If you can’t pay your tax bill

Paying the full amount by the due date is ideal, but many taxpayers cannot. Options include:

  • Short-term delay: Ask for an extension of time to pay or request a short-term payment arrangement.
  • Installment agreement: Set up a monthly payment plan online (the IRS Online Payment Agreement tool is at IRS.gov).
  • Offer in Compromise (OIC): A settlement option when you cannot pay the full tax liability and meet strict eligibility rules.
  • Currently Not Collectible (CNC): If paying would cause significant hardship, the IRS may temporarily delay collection.

In my practice, setting up an automated installment agreement early prevents collection actions and reduces stress. Use the IRS Online Payment Agreement page for secure setup: https://www.irs.gov/payments/online-payment-agreement-application.


How audits work and how to reduce your audit risk

  • Types of audits: correspondence (mail), office (at an IRS facility), field (at your home or business). Most audits are mail audits.
  • What triggers audits: large or unusual deductions relative to income, mismatched income reports (W-2/1099), businesses with high cash receipts, and red flags like claiming rare credits.
  • Prepare to reduce risk: keep organized records, use reputable tax preparation software or a qualified preparer, and avoid excessive or unverifiable deductions.

Tip: Keep supporting documentation for at least three years; six years in cases of substantial understatement. See IRS recordkeeping guidance for specifics.


Taxpayer rights and protections

Every taxpayer has rights under the Taxpayer Bill of Rights, including the right to be informed, the right to quality service, the right to pay no more than the correct amount of tax, and the right to appeal an IRS decision (source: IRS Taxpayer Bill of Rights). If you feel the IRS treated you unfairly, the Taxpayer Advocate Service can help.


Practical strategies to work with the IRS (professional tips)

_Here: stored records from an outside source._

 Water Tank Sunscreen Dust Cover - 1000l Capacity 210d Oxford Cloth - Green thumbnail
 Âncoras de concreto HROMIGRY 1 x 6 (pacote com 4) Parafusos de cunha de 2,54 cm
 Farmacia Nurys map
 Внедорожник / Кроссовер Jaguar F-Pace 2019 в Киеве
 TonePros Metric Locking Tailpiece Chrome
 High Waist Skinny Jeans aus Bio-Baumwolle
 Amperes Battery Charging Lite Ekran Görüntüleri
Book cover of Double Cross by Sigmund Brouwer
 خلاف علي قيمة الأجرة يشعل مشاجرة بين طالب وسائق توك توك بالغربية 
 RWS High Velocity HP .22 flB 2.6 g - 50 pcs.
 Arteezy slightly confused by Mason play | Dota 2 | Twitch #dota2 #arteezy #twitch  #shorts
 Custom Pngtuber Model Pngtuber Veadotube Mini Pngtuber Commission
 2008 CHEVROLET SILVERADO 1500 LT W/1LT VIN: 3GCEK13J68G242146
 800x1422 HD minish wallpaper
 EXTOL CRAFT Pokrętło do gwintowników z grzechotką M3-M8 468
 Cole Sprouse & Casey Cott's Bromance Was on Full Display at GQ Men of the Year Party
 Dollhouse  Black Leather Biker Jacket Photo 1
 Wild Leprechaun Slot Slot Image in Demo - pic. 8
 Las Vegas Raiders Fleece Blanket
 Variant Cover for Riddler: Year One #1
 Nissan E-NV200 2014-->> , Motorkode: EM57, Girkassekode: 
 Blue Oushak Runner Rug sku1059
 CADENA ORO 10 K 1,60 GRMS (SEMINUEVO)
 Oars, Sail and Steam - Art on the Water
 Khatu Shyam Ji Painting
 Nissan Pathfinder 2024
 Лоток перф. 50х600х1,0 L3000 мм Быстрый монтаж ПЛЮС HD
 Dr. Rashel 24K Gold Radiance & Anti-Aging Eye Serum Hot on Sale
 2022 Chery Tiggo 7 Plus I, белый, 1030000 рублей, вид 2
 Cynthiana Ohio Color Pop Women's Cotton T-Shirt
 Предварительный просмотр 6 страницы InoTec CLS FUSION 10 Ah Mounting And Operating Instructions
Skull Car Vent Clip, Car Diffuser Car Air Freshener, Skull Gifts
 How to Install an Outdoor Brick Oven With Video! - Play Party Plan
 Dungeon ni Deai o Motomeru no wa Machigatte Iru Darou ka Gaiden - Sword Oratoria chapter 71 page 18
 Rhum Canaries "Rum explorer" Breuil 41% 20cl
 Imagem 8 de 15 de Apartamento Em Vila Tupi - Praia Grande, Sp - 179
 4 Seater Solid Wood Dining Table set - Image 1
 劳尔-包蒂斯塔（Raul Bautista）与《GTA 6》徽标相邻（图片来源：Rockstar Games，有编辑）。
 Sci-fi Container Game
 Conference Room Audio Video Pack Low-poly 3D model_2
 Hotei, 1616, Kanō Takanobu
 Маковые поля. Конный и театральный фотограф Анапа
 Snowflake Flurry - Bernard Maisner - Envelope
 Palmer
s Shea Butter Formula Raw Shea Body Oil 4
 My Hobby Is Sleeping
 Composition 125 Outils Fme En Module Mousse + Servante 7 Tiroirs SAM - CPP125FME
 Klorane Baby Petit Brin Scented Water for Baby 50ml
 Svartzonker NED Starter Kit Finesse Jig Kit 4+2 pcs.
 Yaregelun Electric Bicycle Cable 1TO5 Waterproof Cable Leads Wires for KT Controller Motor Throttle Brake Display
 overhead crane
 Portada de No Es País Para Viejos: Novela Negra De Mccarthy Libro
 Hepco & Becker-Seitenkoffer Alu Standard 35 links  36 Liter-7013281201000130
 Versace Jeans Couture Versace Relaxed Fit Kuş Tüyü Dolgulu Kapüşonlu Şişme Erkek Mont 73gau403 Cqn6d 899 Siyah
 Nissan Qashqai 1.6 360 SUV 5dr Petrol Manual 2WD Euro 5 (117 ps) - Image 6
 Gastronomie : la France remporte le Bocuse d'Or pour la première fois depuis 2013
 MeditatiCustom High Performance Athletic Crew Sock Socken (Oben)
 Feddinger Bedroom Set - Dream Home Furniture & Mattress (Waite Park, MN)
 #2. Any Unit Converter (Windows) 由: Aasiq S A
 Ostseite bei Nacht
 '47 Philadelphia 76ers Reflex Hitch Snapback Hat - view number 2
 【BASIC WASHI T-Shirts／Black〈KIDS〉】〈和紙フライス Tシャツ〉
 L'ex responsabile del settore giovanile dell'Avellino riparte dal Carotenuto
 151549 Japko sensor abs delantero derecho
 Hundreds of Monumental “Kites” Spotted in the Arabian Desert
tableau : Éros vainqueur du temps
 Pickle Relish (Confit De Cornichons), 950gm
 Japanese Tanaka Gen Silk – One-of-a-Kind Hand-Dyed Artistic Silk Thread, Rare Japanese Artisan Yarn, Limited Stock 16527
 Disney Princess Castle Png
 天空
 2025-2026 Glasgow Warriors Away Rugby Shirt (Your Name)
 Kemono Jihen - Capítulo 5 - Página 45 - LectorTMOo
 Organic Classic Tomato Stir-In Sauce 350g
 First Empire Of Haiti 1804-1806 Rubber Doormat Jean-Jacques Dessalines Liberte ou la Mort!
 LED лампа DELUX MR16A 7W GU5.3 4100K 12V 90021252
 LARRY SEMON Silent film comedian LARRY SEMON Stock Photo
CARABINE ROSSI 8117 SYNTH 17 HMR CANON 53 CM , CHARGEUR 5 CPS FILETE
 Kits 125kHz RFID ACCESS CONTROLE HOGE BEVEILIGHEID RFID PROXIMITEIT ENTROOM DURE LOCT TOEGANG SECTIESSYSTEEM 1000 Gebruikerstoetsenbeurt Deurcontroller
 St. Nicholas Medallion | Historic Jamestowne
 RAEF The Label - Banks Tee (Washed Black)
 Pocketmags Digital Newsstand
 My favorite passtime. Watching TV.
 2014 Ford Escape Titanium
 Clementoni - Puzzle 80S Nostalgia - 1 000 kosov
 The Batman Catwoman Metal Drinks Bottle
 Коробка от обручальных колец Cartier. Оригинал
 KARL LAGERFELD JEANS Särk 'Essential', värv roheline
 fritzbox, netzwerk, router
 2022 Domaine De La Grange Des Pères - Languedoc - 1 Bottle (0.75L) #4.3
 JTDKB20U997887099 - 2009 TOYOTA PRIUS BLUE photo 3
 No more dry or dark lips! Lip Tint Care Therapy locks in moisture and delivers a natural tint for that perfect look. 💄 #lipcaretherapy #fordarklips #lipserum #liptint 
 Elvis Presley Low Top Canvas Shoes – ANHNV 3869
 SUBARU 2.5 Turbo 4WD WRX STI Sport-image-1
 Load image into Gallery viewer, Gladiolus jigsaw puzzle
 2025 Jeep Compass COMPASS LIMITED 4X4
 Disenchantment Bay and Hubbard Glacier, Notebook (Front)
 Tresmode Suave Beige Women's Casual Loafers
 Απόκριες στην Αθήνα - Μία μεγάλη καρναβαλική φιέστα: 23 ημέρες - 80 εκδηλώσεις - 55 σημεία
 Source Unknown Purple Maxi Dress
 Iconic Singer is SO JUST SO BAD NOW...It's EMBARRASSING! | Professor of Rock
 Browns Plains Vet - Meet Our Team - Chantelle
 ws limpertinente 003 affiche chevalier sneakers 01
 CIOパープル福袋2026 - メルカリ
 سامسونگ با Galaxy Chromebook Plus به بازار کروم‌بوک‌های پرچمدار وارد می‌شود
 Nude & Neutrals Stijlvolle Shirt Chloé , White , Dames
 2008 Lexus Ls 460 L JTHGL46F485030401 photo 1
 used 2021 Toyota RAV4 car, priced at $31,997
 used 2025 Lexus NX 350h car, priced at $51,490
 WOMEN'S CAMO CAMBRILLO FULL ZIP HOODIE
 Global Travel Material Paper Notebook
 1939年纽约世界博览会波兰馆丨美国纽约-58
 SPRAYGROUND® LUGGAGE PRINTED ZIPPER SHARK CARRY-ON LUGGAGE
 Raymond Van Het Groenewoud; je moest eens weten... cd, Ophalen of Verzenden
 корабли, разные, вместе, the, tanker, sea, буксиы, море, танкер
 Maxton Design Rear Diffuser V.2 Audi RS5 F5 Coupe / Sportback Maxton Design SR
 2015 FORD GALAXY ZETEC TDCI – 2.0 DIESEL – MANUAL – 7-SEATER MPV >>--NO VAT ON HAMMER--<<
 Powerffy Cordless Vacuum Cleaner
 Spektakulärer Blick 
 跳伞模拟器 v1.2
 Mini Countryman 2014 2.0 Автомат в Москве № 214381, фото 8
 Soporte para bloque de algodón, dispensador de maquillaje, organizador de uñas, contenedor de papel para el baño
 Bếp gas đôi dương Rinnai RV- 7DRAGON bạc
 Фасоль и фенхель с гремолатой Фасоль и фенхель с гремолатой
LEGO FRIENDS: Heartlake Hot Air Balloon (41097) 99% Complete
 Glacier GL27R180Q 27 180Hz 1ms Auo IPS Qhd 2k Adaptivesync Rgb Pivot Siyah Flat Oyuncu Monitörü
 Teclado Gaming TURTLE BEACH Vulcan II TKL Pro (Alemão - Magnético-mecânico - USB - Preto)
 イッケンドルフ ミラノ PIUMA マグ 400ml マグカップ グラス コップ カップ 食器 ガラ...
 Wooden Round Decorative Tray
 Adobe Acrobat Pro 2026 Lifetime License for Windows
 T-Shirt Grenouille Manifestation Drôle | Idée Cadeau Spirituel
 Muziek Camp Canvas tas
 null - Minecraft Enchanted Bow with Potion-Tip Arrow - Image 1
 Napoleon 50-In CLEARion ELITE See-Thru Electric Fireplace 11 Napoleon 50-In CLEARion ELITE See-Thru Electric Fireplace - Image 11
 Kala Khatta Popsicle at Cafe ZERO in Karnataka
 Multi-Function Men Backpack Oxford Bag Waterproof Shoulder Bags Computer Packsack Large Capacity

  1. Communicate early and in writing: If you expect a balance due, contact the IRS before collection actions escalate. Written records help if a dispute develops.
  2. Use online tools: The IRS provides tools for payments, transcript requests, and checking refund status. These are faster than phone lines.
  3. Consider representation: A CPA, enrolled agent, or tax attorney can negotiate on your behalf. In my practice, complex audits and collection matters are easier to resolve when a qualified representative communicates with the IRS.
  4. Plan year-round: Adjust withholding or make estimated payments to avoid surprises. Review life changes—marriage, new job, or home sale—that affect tax liability.

For guidance on withholding changes, see IRS Publication 505 and FinHelp’s resources on tax planning and withholding.


Common misconceptions

  • “The IRS is always right.” The IRS makes mistakes. But you must respond to notices and defend your position with documentation.
  • “You can ignore a letter if you didn’t get audited.” Ignoring notices can lead to collection actions.
  • “Refunds are free money.” A refund generally means you overpaid taxes during the year; it’s your money returned.

Real-world examples from practice

  • Missed 1099 income: A client failed to report freelance income. The IRS matched third-party reports and sent a notice. We amended the return, calculated interest, and set up an installment plan to satisfy the balance. Prompt response avoided liens.
  • Overwithholding correction: A couple was receiving large refunds yearly. We adjusted withholding using a new W-4 and redirected funds to a retirement account, improving their monthly cash flow.

These examples show that responding promptly and engaging in planning reduces the long-term burden of IRS interactions.


Resources and next steps


Final takeaway

The IRS is a powerful administrative agency that enforces the tax laws and affects most financial decisions. You can reduce risk and stress by keeping clear records, filing accurately, responding quickly to notices, and using the IRS’s online tools or a qualified tax professional when issues arise.

Professional disclaimer: This article is educational and does not constitute individualized tax advice. For tailored guidance, consult a qualified tax professional or the IRS.